所以,英國學者史蒂森‧盧克斯說:「理性的存在叫做人,這不僅僅是個人的主觀願望和社會學的意義表達,同時也是一切制度行為和法理建制產生的前置條件」,基於這一表述,我們需要重樹個人的信心和尊嚴,讓人活出意義活出精神層面一切可能的氣派,從而使人人都能遵循普適的文明人準則為自己定制有高度的社會品性。正因為有了這種認識,我們才有可能超越於庸常俗務的羈絆對人的處境進行深度的追問和檢索,才能繞過原慾誘惑找回迷失於利益紛爭中的光榮與夢想。至此,我們便能超越朦昧主義長期奉行的以力相搏、贏者通吃的盜跖邏輯和叢林法則,消除「進化論」去道德化瀆神主義的虛妄與自戀,讓人從物性化自我貶損的迷誤中向神性的意義回歸,以此規避經濟原教旨主義對社會人文價值取向的蠱惑和誤導。
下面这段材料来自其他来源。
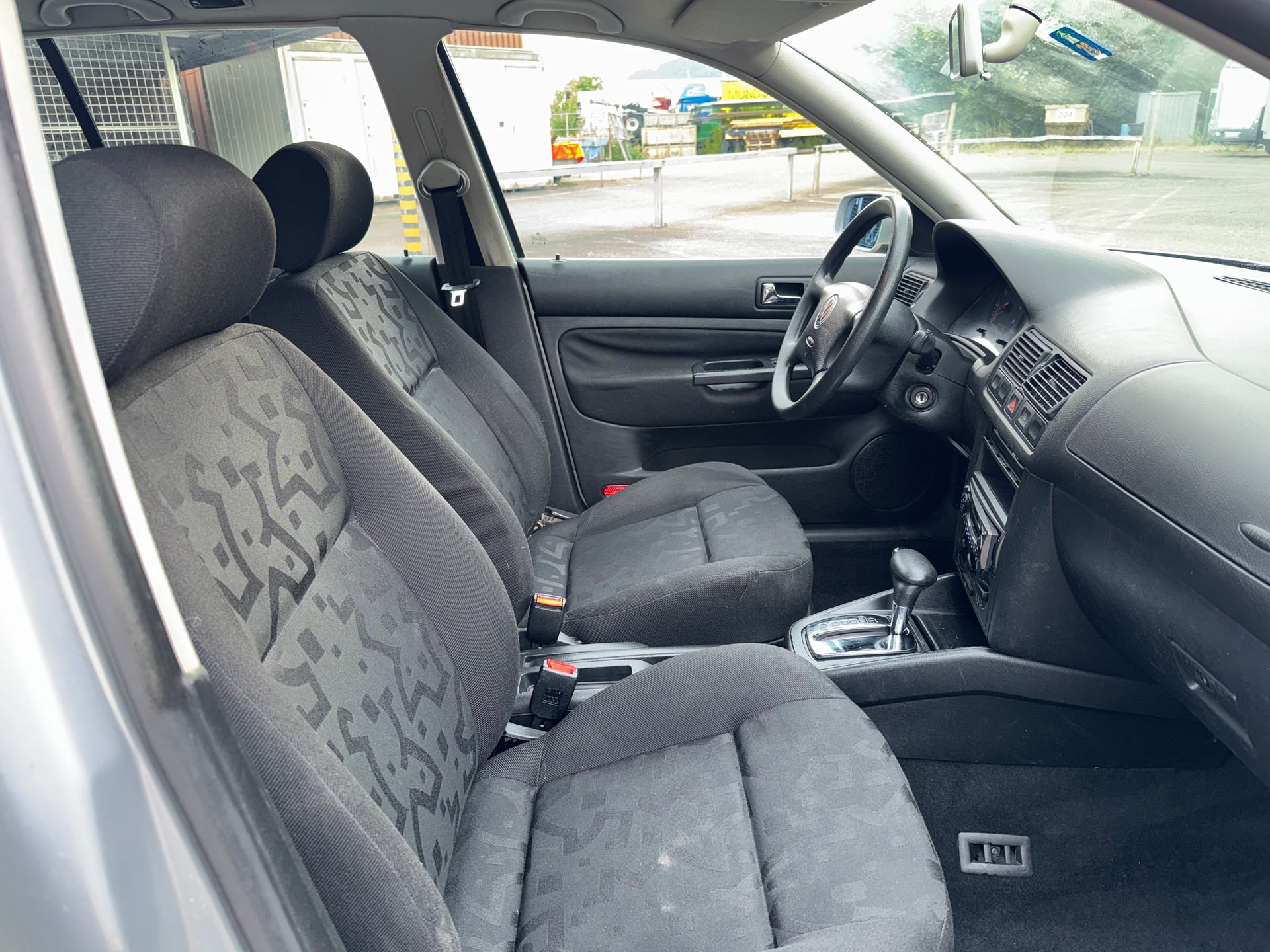 VW Golf 1.6-image-9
所以,我們總是強調信仰之於社會良性發展所具有的建設性意義,強調價值理性對人類缺陷與罪性意志的質疑和批判,正如迦達默爾所希望的那樣:「價值理性的功能除了對認識統一性堅持不的迫切要求之外,還可以作為道德判斷的標準,它呼人們重視靈魂,找到自己的天職並培育出基於愛與善的關懷和謙卑」。
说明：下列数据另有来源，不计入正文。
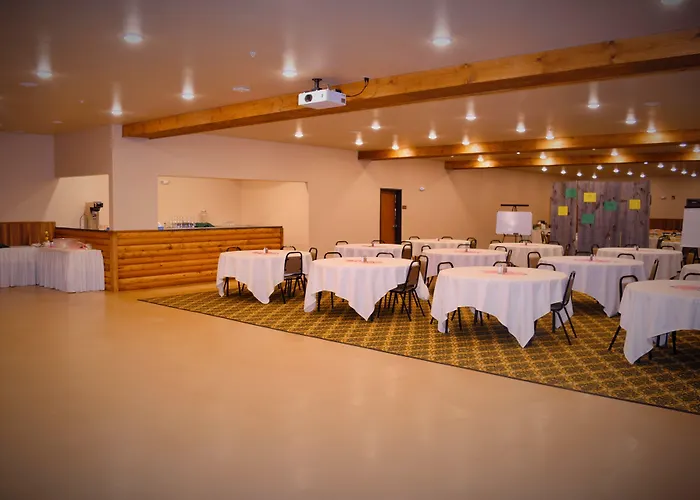 & Convention Center 3*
正是因為我們有了對價值理性的遵從並將其置於一切現實的事務之上,我們才能依然仰望頭頂的星空,關注內心的道德,才最終懸置出具有神啟意義的「彼岸」以告慰人並讓其有信心,從而使我們賴以生息的家園不致坍塌淪陷,並一次次脫身於幽暗的歷史場域看到引領人性向善的光芒。至此,我們才有足夠的精神強度抵禦偽真理的迷狂,消解政治攻伐和利益爭訟鬱結的歷史怨懟,將人的全面發展凌駕於任何觀念形態之上,從而促成意識的本能自覺並滋生出內涵豐富的神意想像,使其天賦的創造性慾求和自我實現的內在張力被充分激活,進而自動生成希望被肯定、被尊重、以及對自由與愛的想像與渴求,由此,我們便因了理性的判斷能將一切個人主體之外的干涉力量視為對生命屬性的篡改與冒犯,從而自發地內生成對諸如歧視、壓迫、弱肉強食、暴力傷害等負面社會經驗和制度行為表現出本能的警惕和抗拒。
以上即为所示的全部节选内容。